When the defendant introduced evidence, he waived his motion for judgment as of nonsuit made at the close of plaintiff’s evidence. G.S. 1-183. Defendant’s exception to the denial of his motion for judgment as of involuntary nonsuit made at the close of all the evidence presents no question for review with respect to the findings of fact or the conclusions of law, for the simple reason that he has no exception to the admission or rejection of evidence and to the judge’s findings of fact and conclusions of law, and, therefore, the findings of fact are presumed to be supported by competent evidence and are binding on appeal. Goldsboro v. R. R., 246 N.C. 101, 97 S.E. 2d 486; James v. Pretlow, 242 N.C. 102, 86 S.E. 2d 759; Beaver v. Paint Co., 240 N.C. 328, 82 S.E. 2d 113.
However, defendant’s exception to the signing of the judgment presents these questions for decision: One, do the facts found by the trial judge support the judgment, and two, does any error of law appear upon the face of the record? Goldsboro v. R. R., supra; Bailey v. Bailey, 243 N.C. 412, 90 S.E. 2d 696; Bond v. Bond, 235 N.C. 754, 71 S.E. 2d 53.
G.S. 1-185 “requires the trial judge to find and state the ultimate facts only,” and not the evidentiary or subsidiary facts required to prove the ultimate facts. Woodard v. Mordecai, 234 N.C. 463, 67 S.E. 2d 639.
The trial judge, after hearing the evidence, found as facts from the evidence and by its greater weight, that the plaintiff was injured by the negligence of the defendant, in that the defendant was operating his automobile “at a speed that was greater than reasonable under the circumstances, he being on Old #221 approaching a sharp curve which he was unfamiliar with and driving at a speed of from 45 miles per hour to 50 miles per hour, and that he failed to keep a proper lookout, failed to keep his car under proper control, and failed to drive at a speed that was reasonable and proper under the circumstances,” and that such negligence of the defendant was the proximate cause of plaintiff’s injuries.
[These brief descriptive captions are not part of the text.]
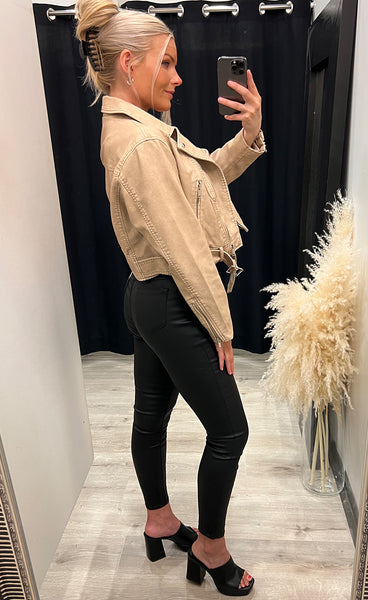 Olivia jacket - beige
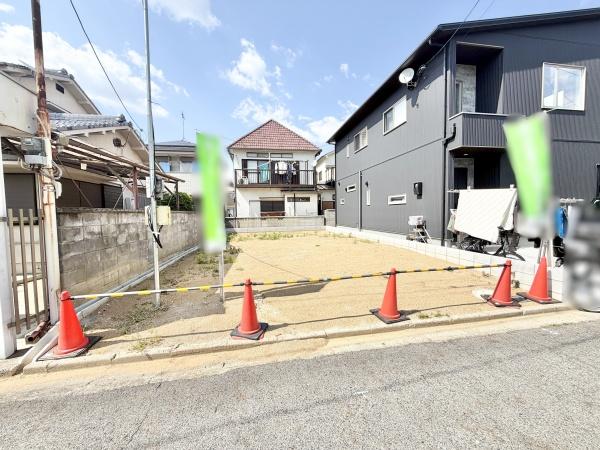 橿原市上品寺町の土地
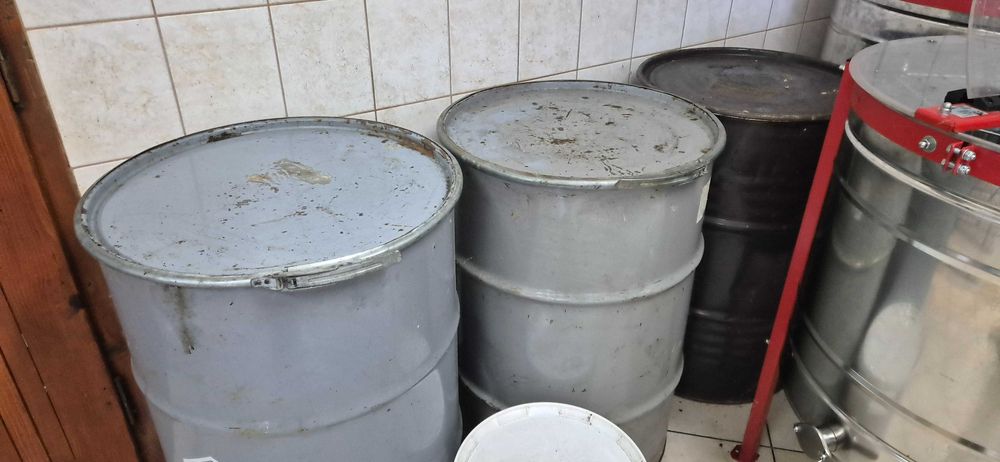 Miód Wielokwiat/rzepak 2 beczki 200l Polski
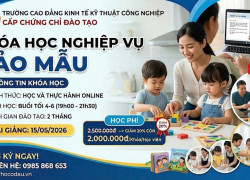 chứng chỉ nghiệp vụ Cấp dưỡng
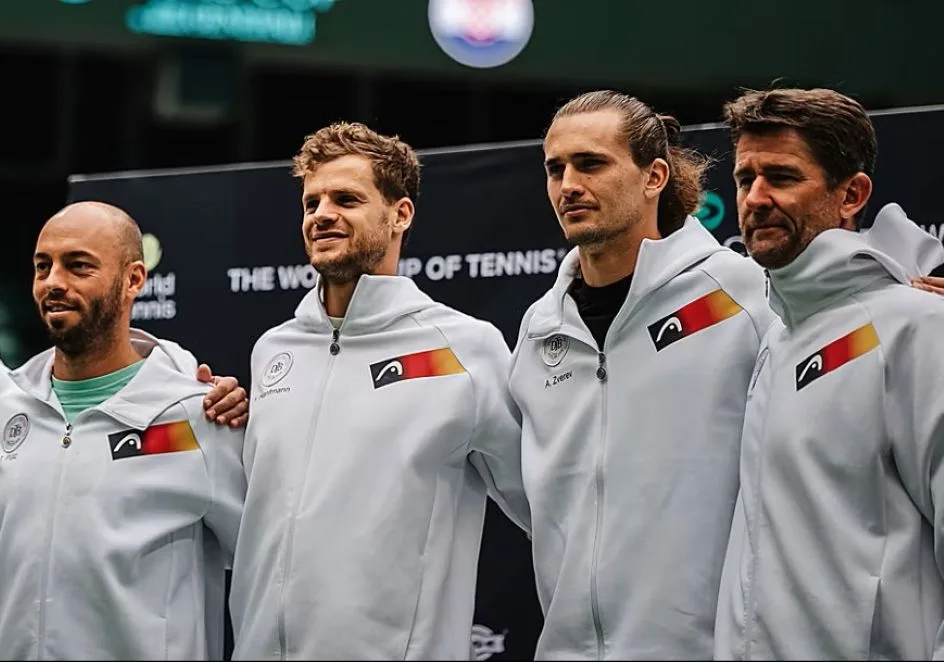 Zverev se vê como reforço decisivo da Alemanha na Davis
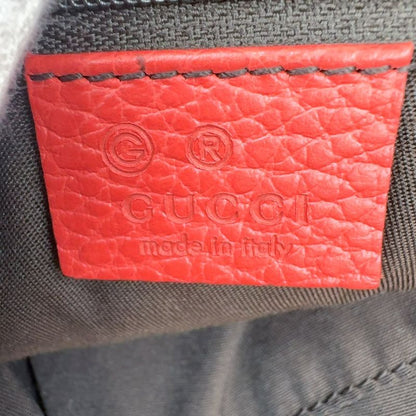 Gucci Bamboo Leather Pin Cles D Tote Bag Gold 365345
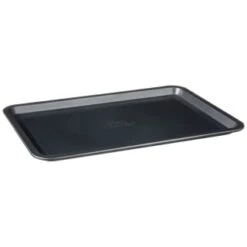 Betty Crocker Non-Stick Baking Tray Set 3pc 18 Betty Crocker Non-Stick Baking Tray Set 3pc -B&M 388523 set of 3 non stick baking trays 6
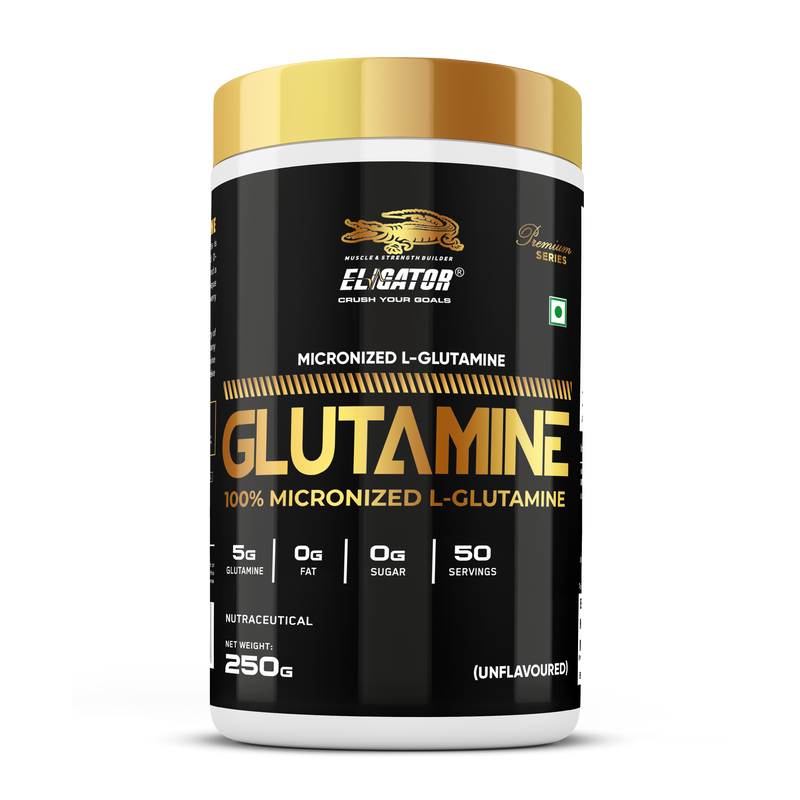 Load image into Gallery viewer, Premium Series Glutamine - 250g (50 Servings) Unflavoured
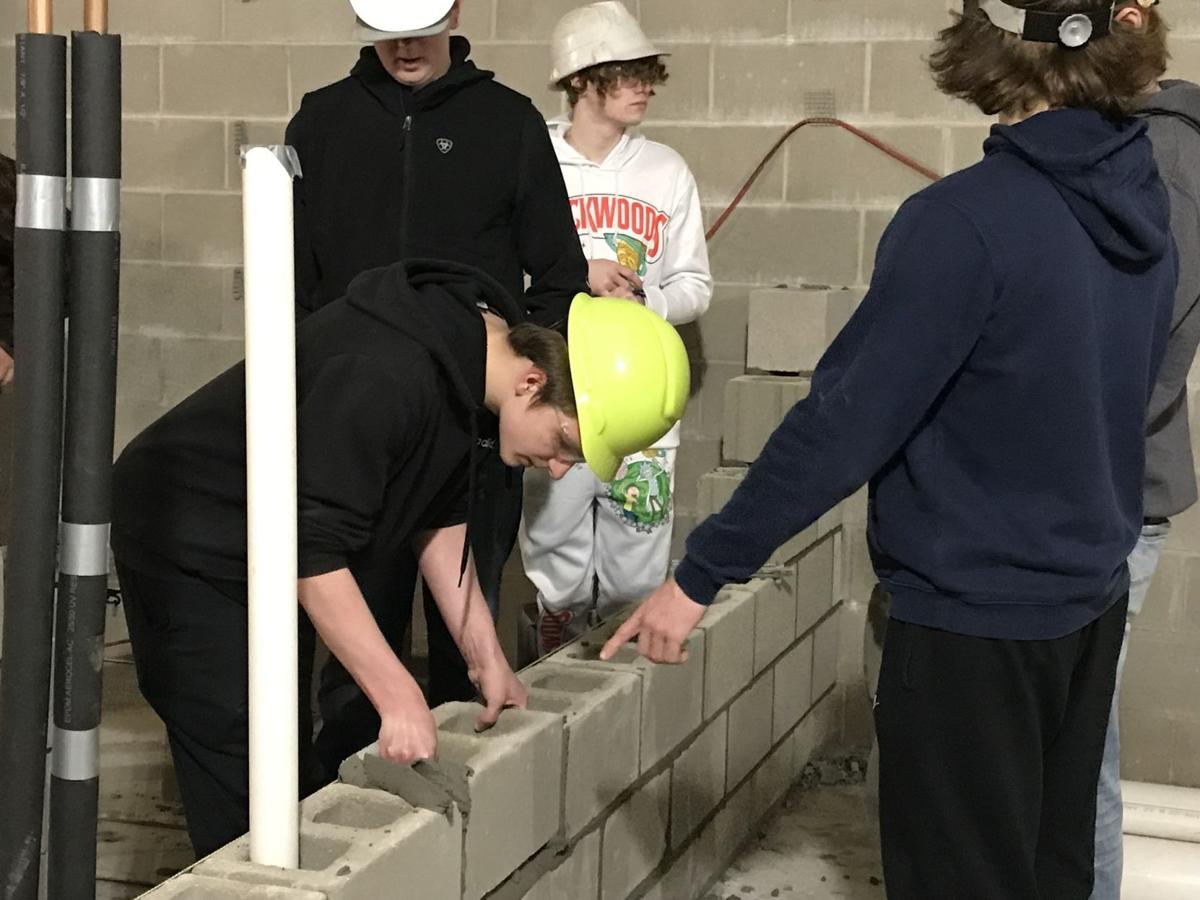 MCHS Bricklaying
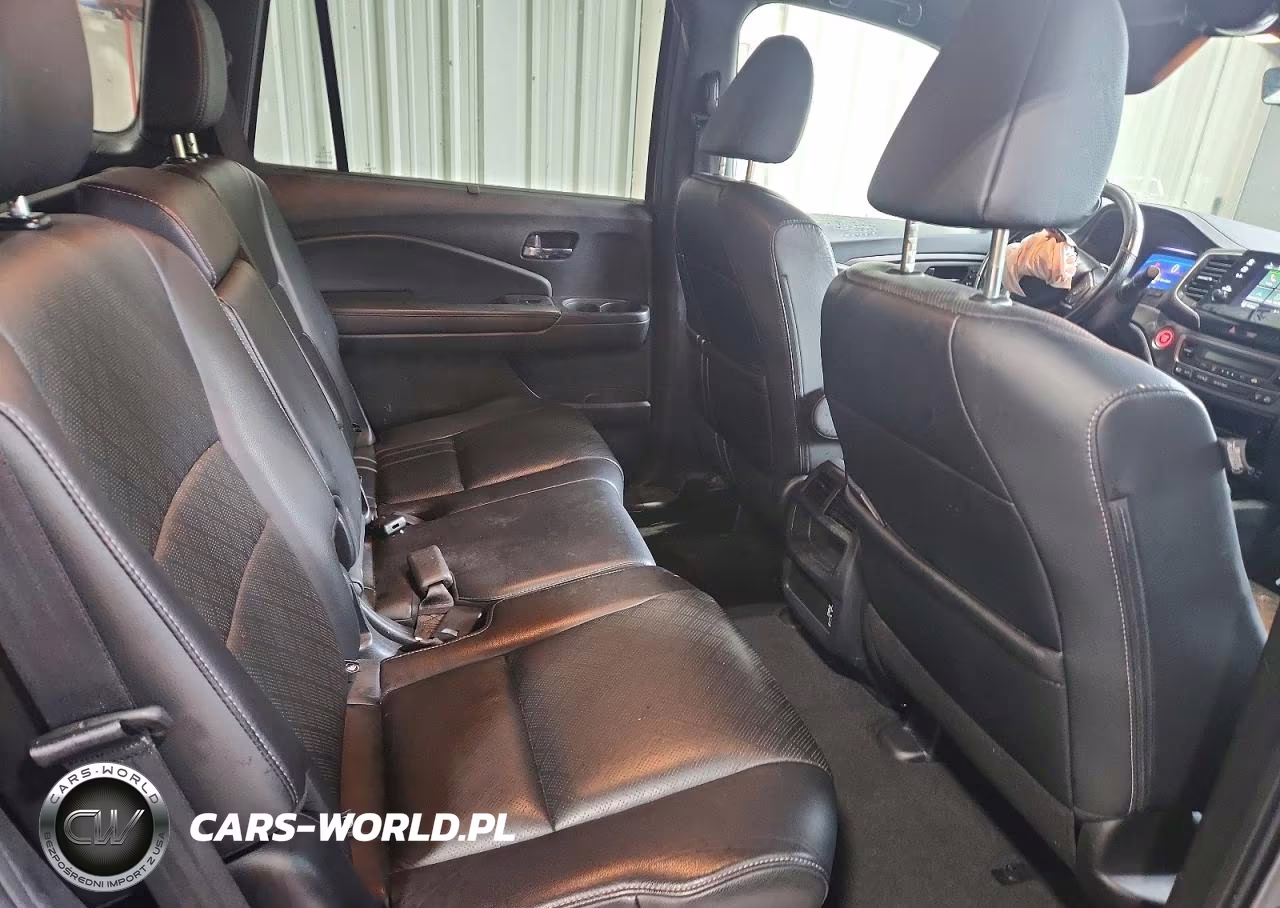 2020 Honda Passport Exl VIN:5FNYF8H58LB009907 - 11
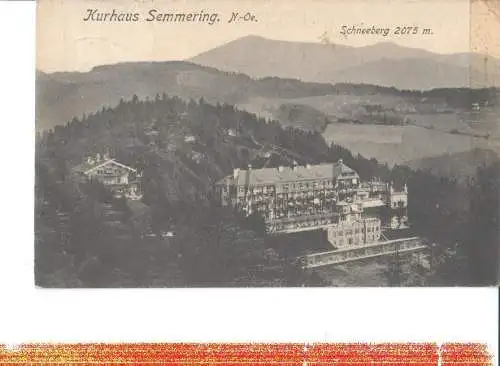 kurhaus semmering, nö, 1912 (Nr. 7149)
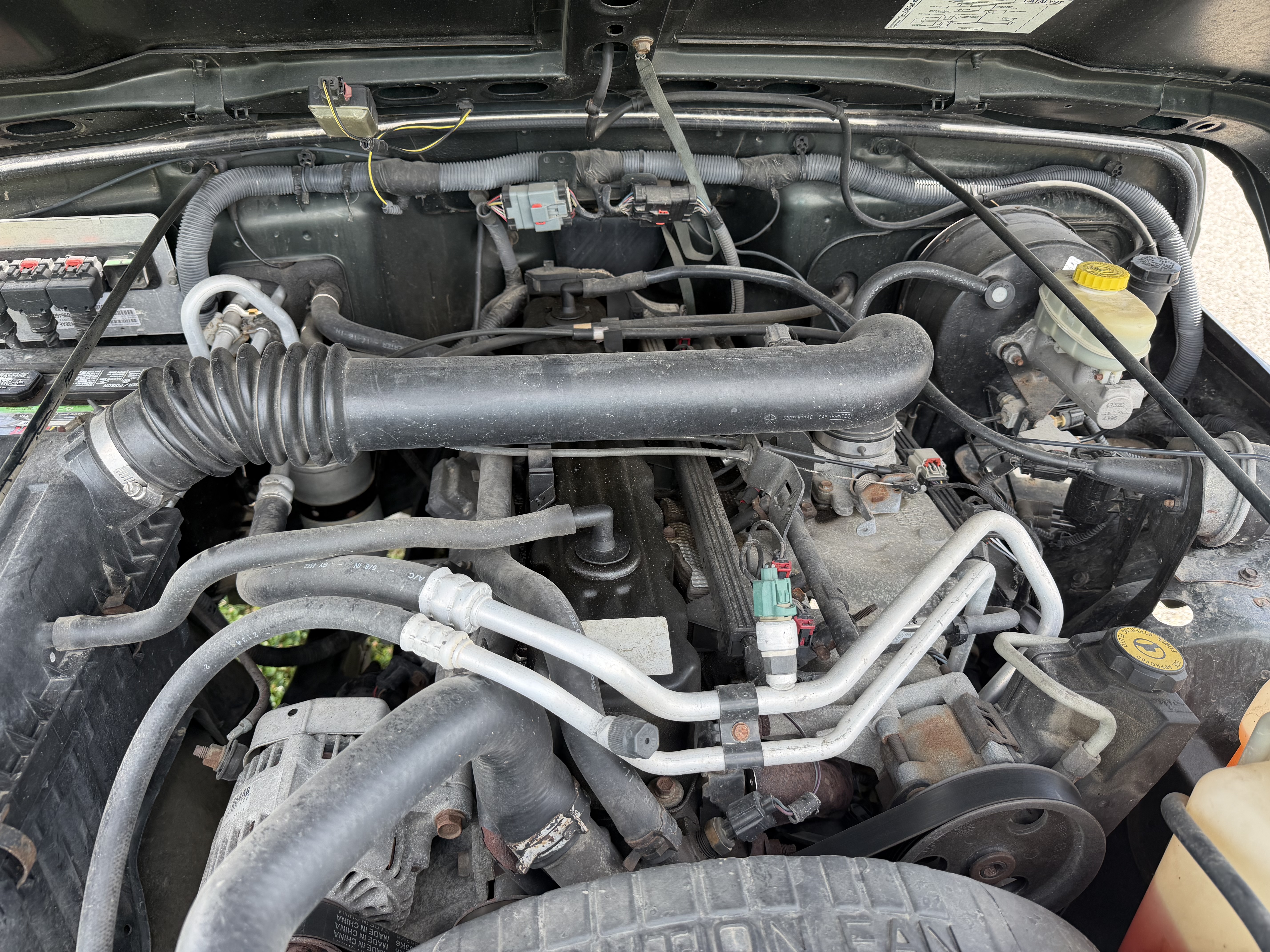 Used 2005 Jeep Wrangler 4WD Willys image 12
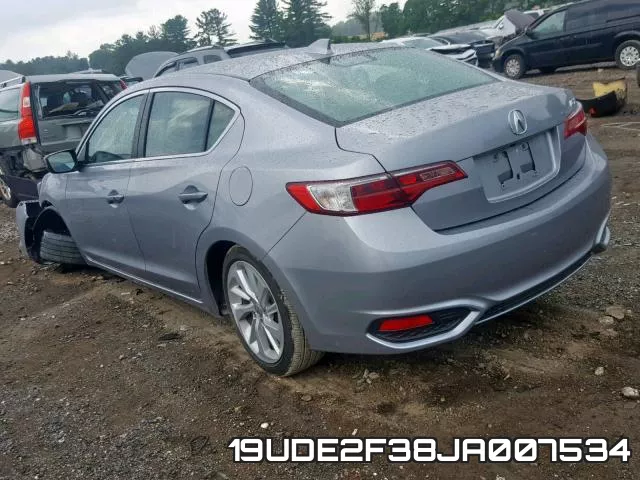 19UDE2F38JA007534 фото 4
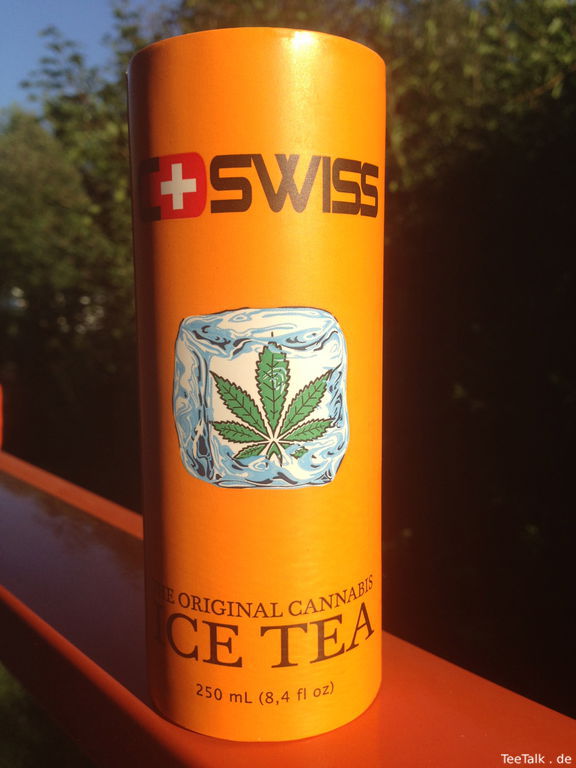 CSWISS - The Original Swiss Cannabis Ice Tea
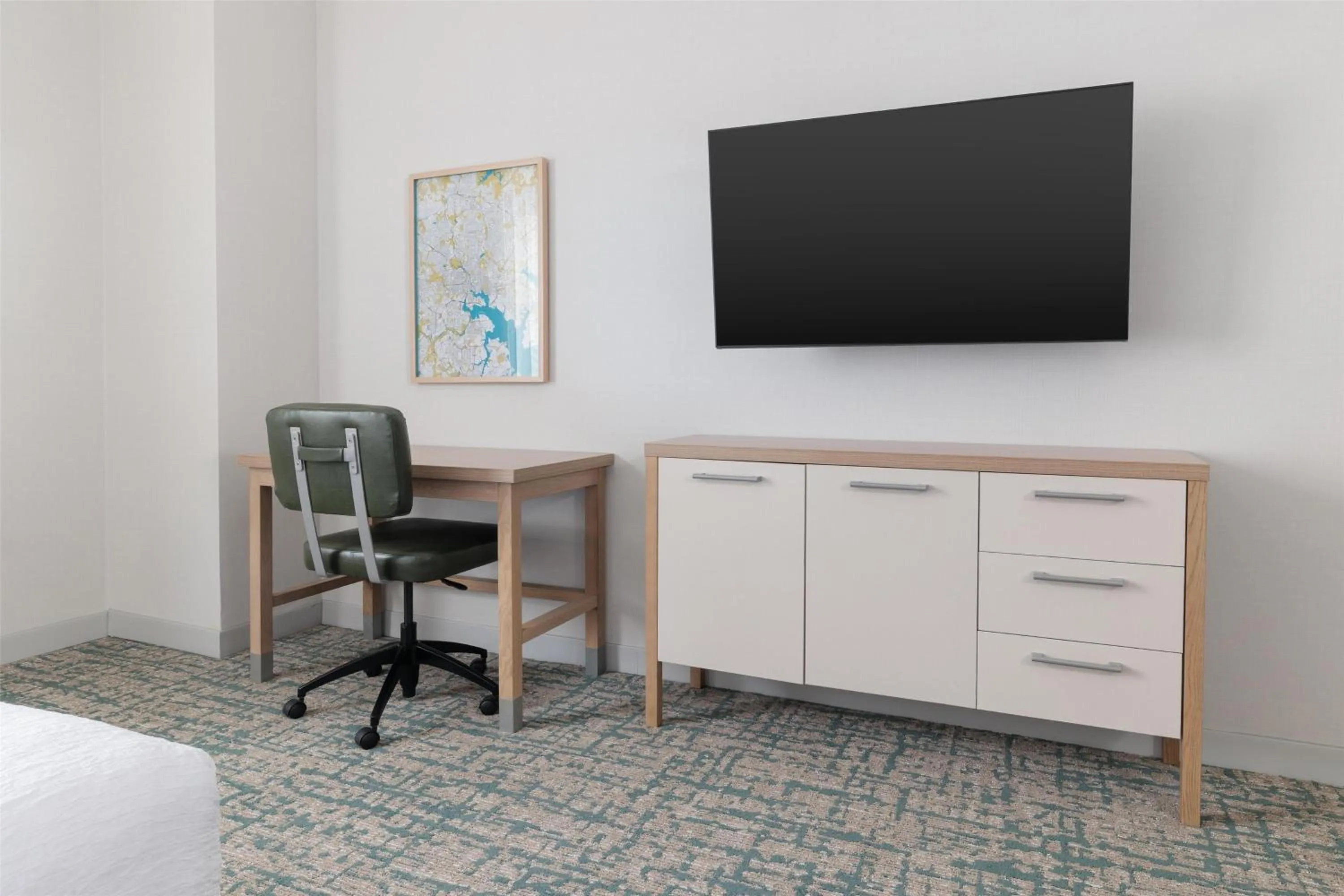 Bedroom in Homewood Suites by Hilton Baltimore - Arundel Mills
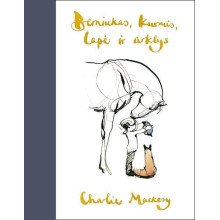 Berniukas, kurmis, lapė ir arklys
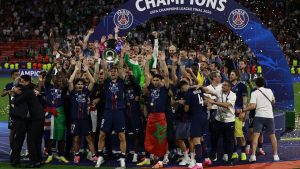 Devler Ligi finalinde PSG, Arsenal’i penaltılarla mağlup ederek şampiyon oldu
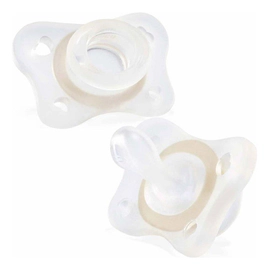 Chupete Silicona Chicco Physio Mini Soft 2-6 Lumi Transparente 2-6m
The trial judge further found as facts that by reason of defendant’s actionable negligence plaintiff received a fractured skull *335and other injuries, incurred medical and hospital expenses in the amount of $554.66, and lost eleven weeks.from work for which he was being paid $40.00 a week. (The trial judge in his judgment directed the clerk to pay from the recovery specified medical and hospital bills in the amount of $514.66.) The trial judge concluded as a matter of law that plaintiff’s injuries were caused by defendant’s actionable negligence. Whereupon, the trial judge entered judgment that plaintiff recover from defendant for his injuries received the sum of $2,054.66 together with the costs.
It is alleged in the complaint and admitted in the answer that plaintiff was riding as a passenger in an automobile owned and driven by the defendant, and that about 2:00 o’clock a.m. defendant’s automobile ran off the road and struck “the bank.”
The findings of fact are to the effect that defendant was driving his automobile in violation of G.S. 20-141 (a) and of G.S. 20-141 (c), and this constitutes negligence on his part, because “according to the uniform decisions of this Court, the violation of a statute imposing a rule of conduct in the operation of a motor vehicle and enacted in the interest of safety has been held to constitute negligence per se” unless otherwise provided in the statute. Conley v. Pearce-Young-Angel Co., 224 N.C. 211, 29 S.E. 2d 740; Aldridge v. Hasty, 240 N.C. 353, 82 S.E. 2d 331. The findings of fact are also to the effect that the defendant failed to perform his positive duty to keep a proper lookout in the direction of travel, Wall v. Bain, 222 N.C. 375, 23 S.E. 2d 330, and to keep his automobile under such proper control as would enable him to keep it on the road. Lane v. Dorney, 252 N.C. 90, 113 S.E. 2d 33.
The findings of fact are that there was a causal connection between the injuries received by plaintiff and the defendant’s negligence in the operation of his automobile, or in other words that plaintiff’s injuries were proximately caused by defendant’s negligence in the operation of his automobile.
The findings of fact of the trial judge are very meager, but after careful consideration we conclude they suffice to show that plaintiff’s injuries were proximately caused by the defendant’s negligence, and, therefore, the facts found support the judgment. Boyd v. Harper, 250 N.C. 334, 108 S.E. 2d 598; Conley v. Pearce-Young-Angel Co., supra.
No error of law appears upon the face of the record.